### TASK BRIEF
Below is a listing with pictures. Repeat exactly the lines starting at the one holding "Jeep Cherokee Skóry" and going on through the one holding "STF arquiva ação", and leave every picture out.

### DATA SHOWN
^^^^^^^^

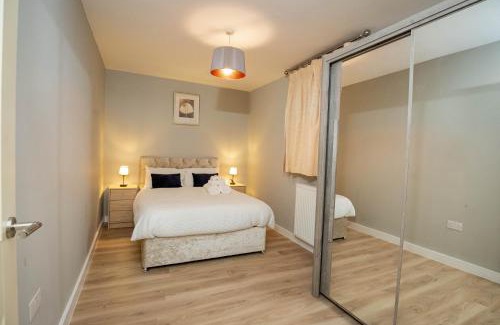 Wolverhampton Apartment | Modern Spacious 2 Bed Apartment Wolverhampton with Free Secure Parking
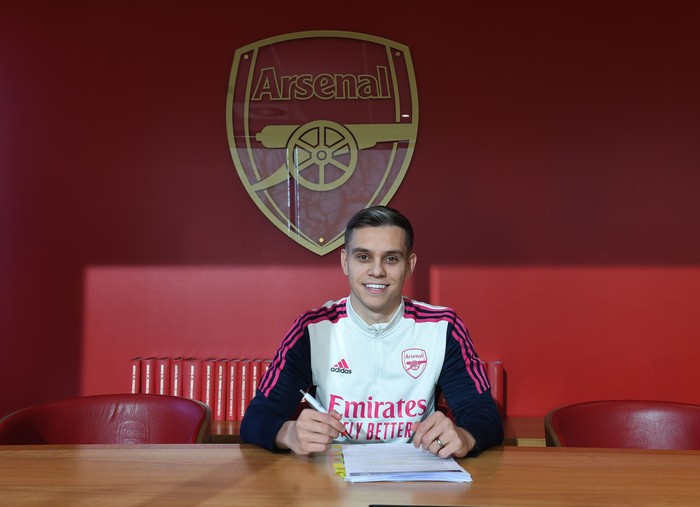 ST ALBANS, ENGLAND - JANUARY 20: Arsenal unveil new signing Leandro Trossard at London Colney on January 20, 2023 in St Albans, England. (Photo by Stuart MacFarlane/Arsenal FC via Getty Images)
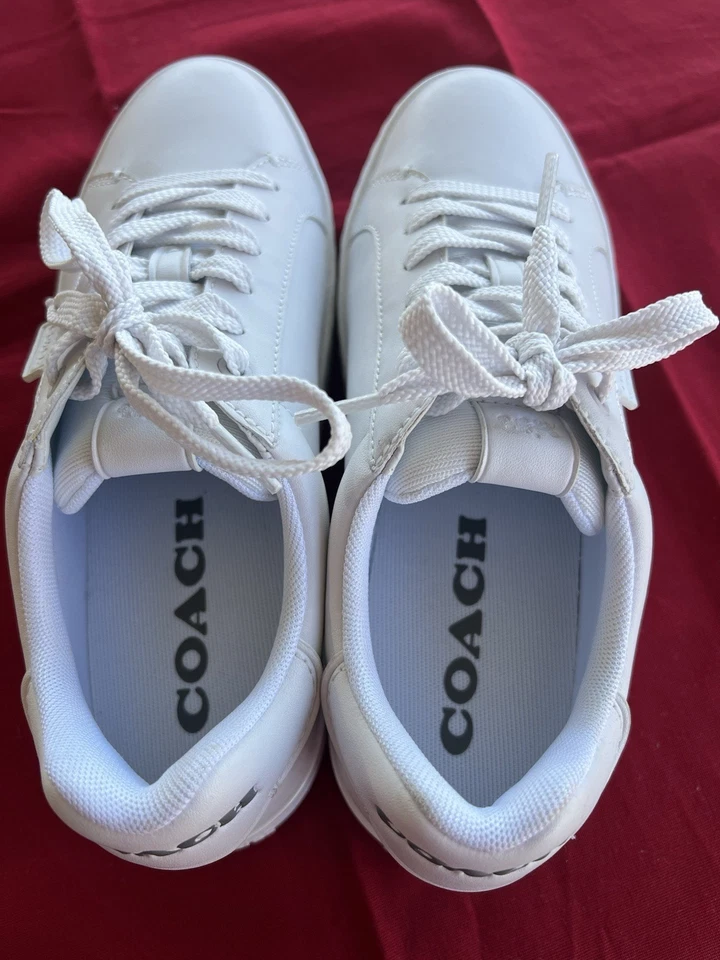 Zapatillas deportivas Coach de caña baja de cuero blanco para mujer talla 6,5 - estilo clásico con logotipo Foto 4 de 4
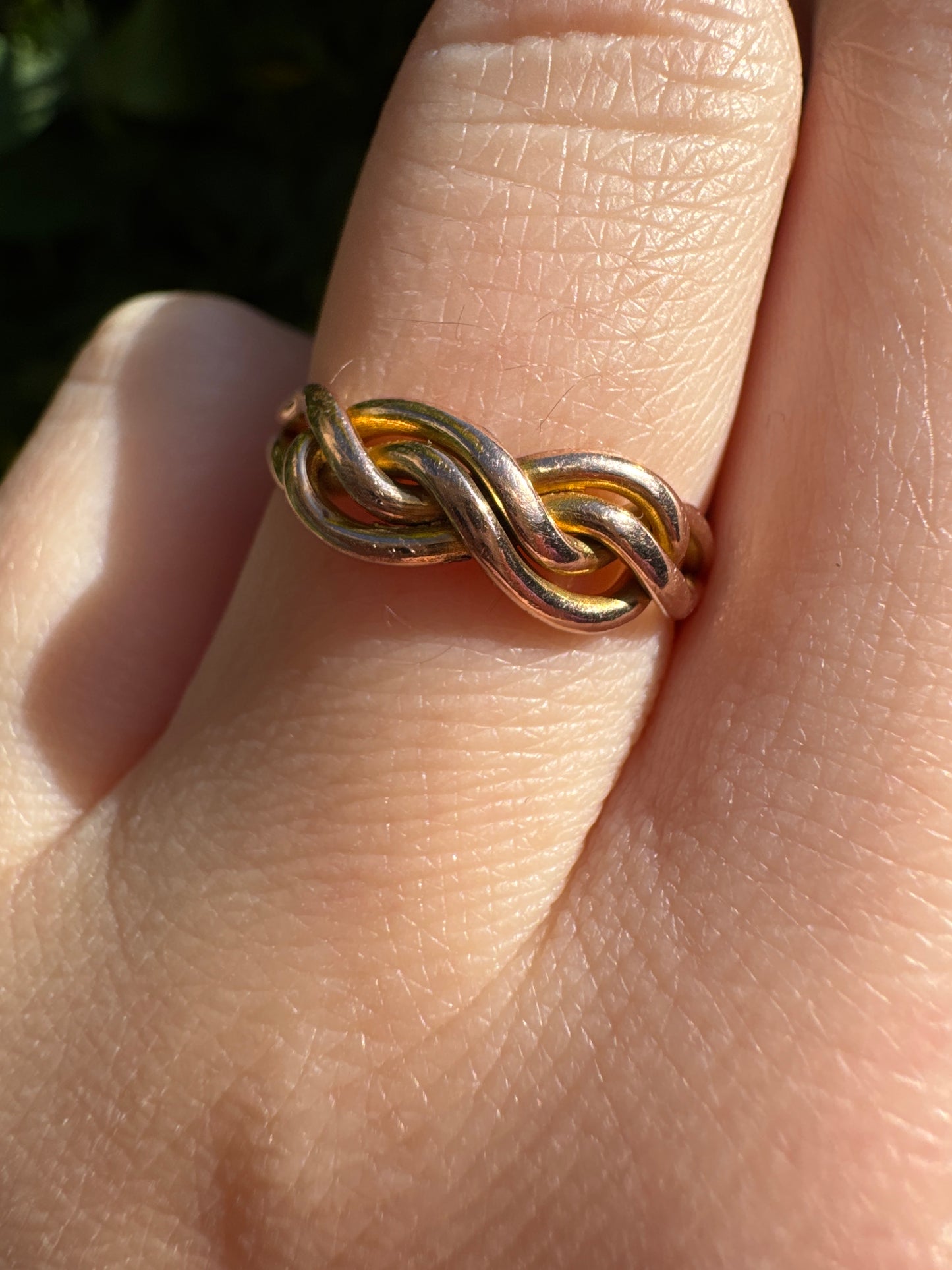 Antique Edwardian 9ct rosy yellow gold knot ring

^^^^^^^^

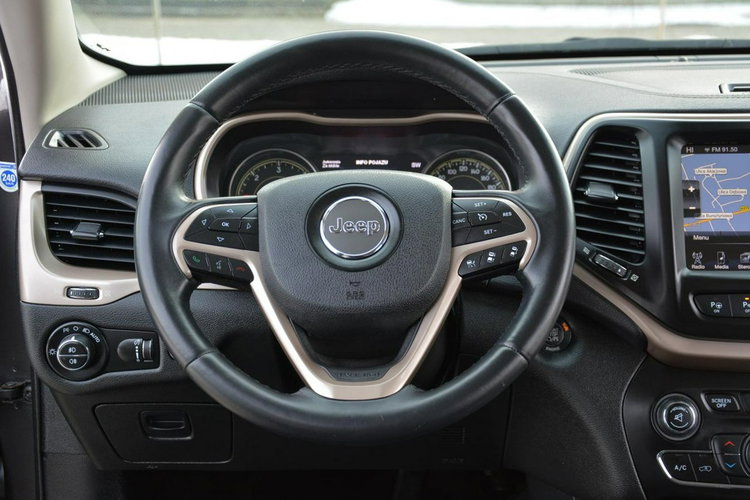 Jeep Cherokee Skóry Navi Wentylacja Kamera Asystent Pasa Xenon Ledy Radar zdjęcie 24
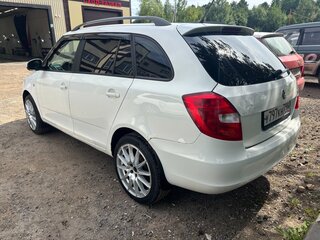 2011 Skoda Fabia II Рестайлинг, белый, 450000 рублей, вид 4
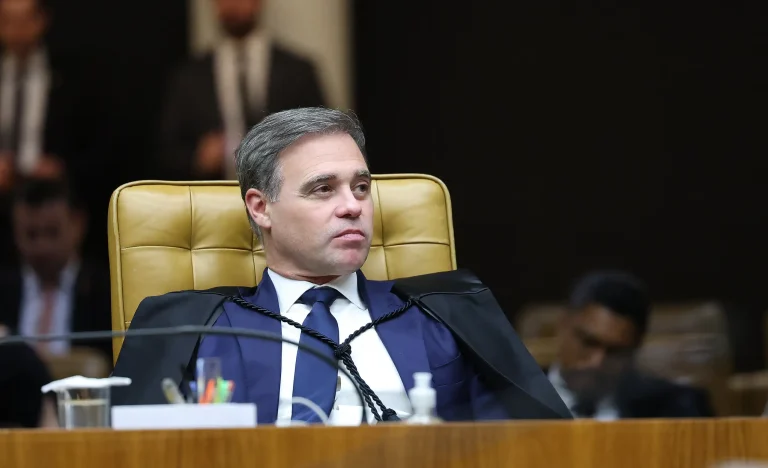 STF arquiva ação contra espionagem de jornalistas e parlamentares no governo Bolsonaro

^^^^^^^^

### RESULT BELOW
 Jeep Cherokee Skóry Navi Wentylacja Kamera Asystent Pasa Xenon Ledy Radar zdjęcie 24
 2011 Skoda Fabia II Рестайлинг, белый, 450000 рублей, вид 4
 STF arquiva ação contra espionagem de jornalistas e parlamentares no governo Bolsonaro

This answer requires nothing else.